* **Extracted entries**:

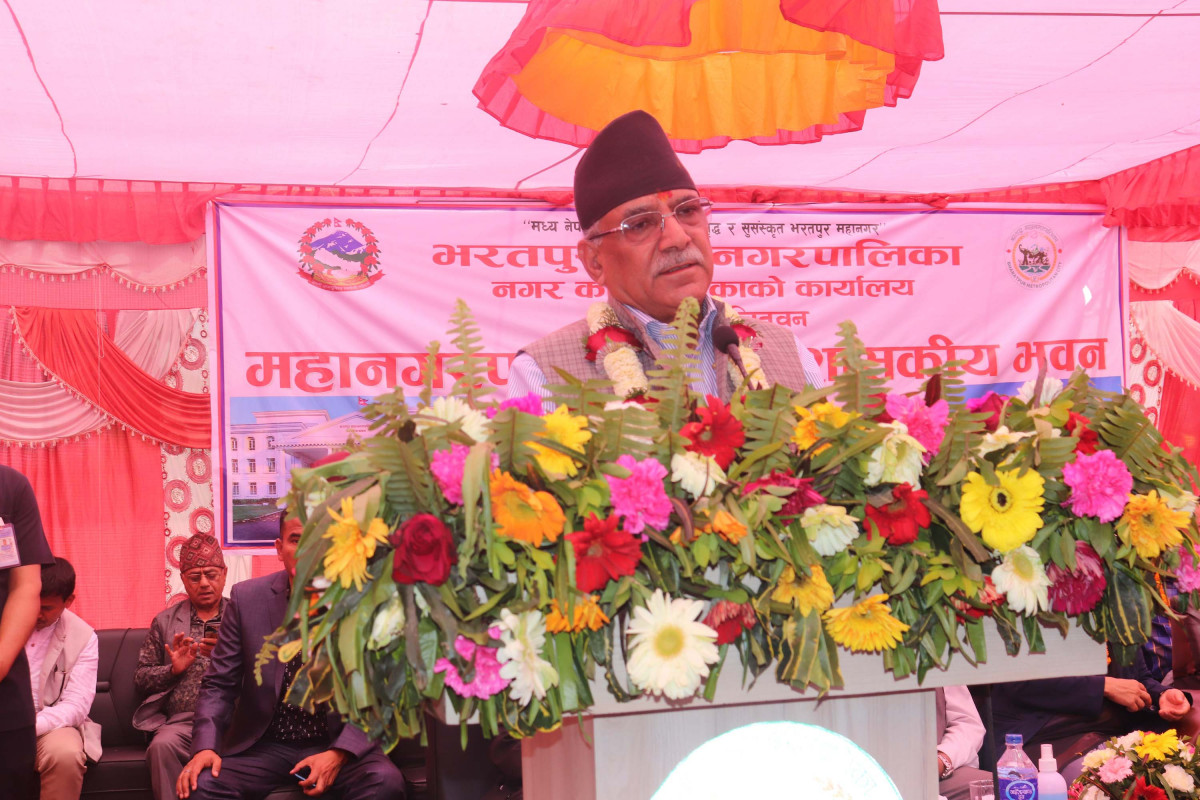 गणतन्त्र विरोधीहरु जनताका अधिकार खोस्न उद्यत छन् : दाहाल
...
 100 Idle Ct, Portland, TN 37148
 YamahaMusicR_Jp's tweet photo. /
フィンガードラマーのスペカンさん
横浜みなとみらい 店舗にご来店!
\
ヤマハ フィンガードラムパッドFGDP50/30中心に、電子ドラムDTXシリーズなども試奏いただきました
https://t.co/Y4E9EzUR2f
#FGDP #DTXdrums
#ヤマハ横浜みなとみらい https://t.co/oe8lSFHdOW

* **What the exercise asks**: In the entries above, find each line that has the word "https". Copy it.

* **Output for this task**:
https://t.co/Y4E9EzUR2f
#ヤマハ横浜みなとみらい https://t.co/oe8lSFHdOW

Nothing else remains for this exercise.